ZoneMinder still works and is still maintained at a slow cadence. Its default analytics layer is pixel-diff motion detection from before the deep learning era, with optional plugins for YOLO via a Python helper. It is fine if you want a pure NVR with light AI and you accept the ergonomics of an early-2010s Perl plus PHP project. MotionEye is largely unmaintained as of 2026. iSpy / AgentDVR is only partially open source and the AI features sit behind a paid SaaS tier. None of these projects sit cleanly in either the classifier-on-live-path or the VLM-on-retrieval-path camp; they are the previous generation. They are worth knowing about for context but they should not be the architecture you choose in 2026.
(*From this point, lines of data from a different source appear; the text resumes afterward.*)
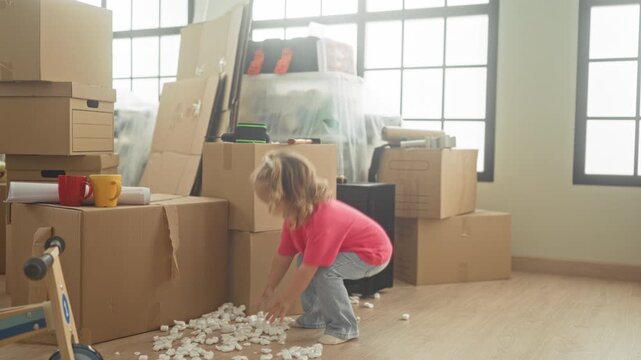 Little girl picking up packing peanuts with bare hands amid stacked moving boxes and a wooden scooter in a building living room; playful curiosity.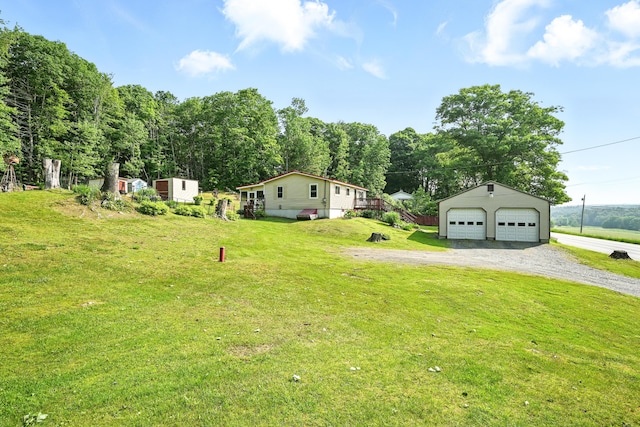 821 China Rd, Albion, ME 04910 - view of grassy yard featuring an outbuilding and a detached garage
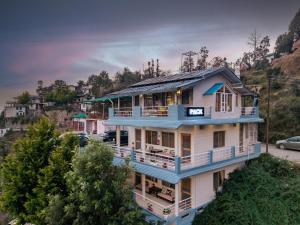 a house with blue trim on a hill at PACK Mukteshwar in Mukteshwar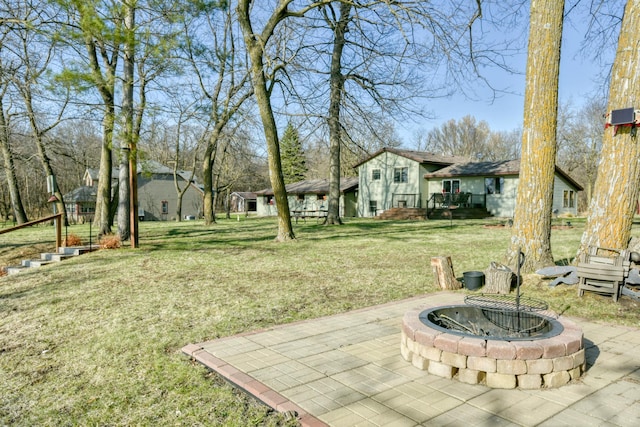 view of yard featuring an outdoor fire pit and a patio area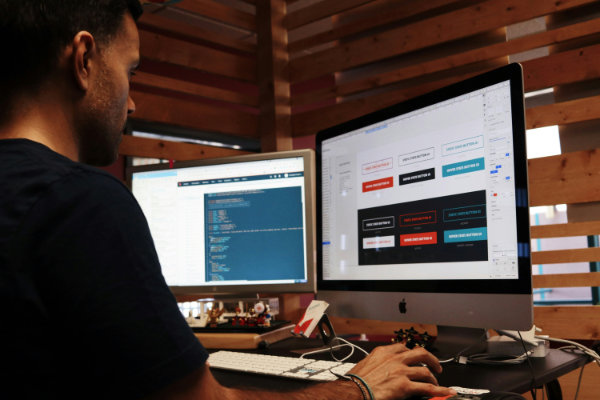 Two colleagues collaborating on a project at a desk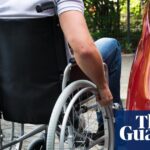 Close-up of a man sitting on a wheelchair near a car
How do I decide between rolling open source and using a commercial unit like Cyrano?

Two questions. First, what is your camera input layer? If it is per-camera RTSP or ONVIF, the open source category is available and Frigate plus DeepCamera is a credible stack you can self-host. If it is a DVR with cameras over coax (common in Class B/C multifamily, gas stations, small commercial), the open source category is mostly unavailable because none of those projects ingest a DVR HDMI composite at production reliability. Second, what is your engineering tolerance? Frigate plus DeepCamera at 16 cameras is roughly 60-90 hours of standup, plus per-property tuning, plus an ongoing operations burden when models update or a Coral TPU gets disconnected. Cyrano is a $450 unit that auto-detects the DVR over HDMI EDID, ships the live classifier and the retrieval layer pre-wired, and posts to WhatsApp and SMS. Open source is the right answer when the engineering time is free; a flat-priced unit is the right answer when it is not.

Is the classifier-versus-VLM split going to collapse as VLMs get faster?

Eventually, partly. The 2026 trajectory is real: small VLMs (SmolVLM, MobileVLM, MiniCPM-V) are getting faster, and quantized inference on consumer NPUs is closing the gap. But the frame budget on the live trigger path is fixed by the camera feed (33 ms at 30 fps, 50 ms at 20 fps), and VLM inference is doing fundamentally more work per frame because the model is general-purpose. A purpose-trained nano-scale classifier will stay an order of magnitude faster than a general-purpose VLM at the same hardware tier for years. The realistic 2027-2028 picture is small VLMs taking over the dwell and the zone classification (still after the trigger), while the trigger itself remains a small classifier. The split moves; it does not collapse.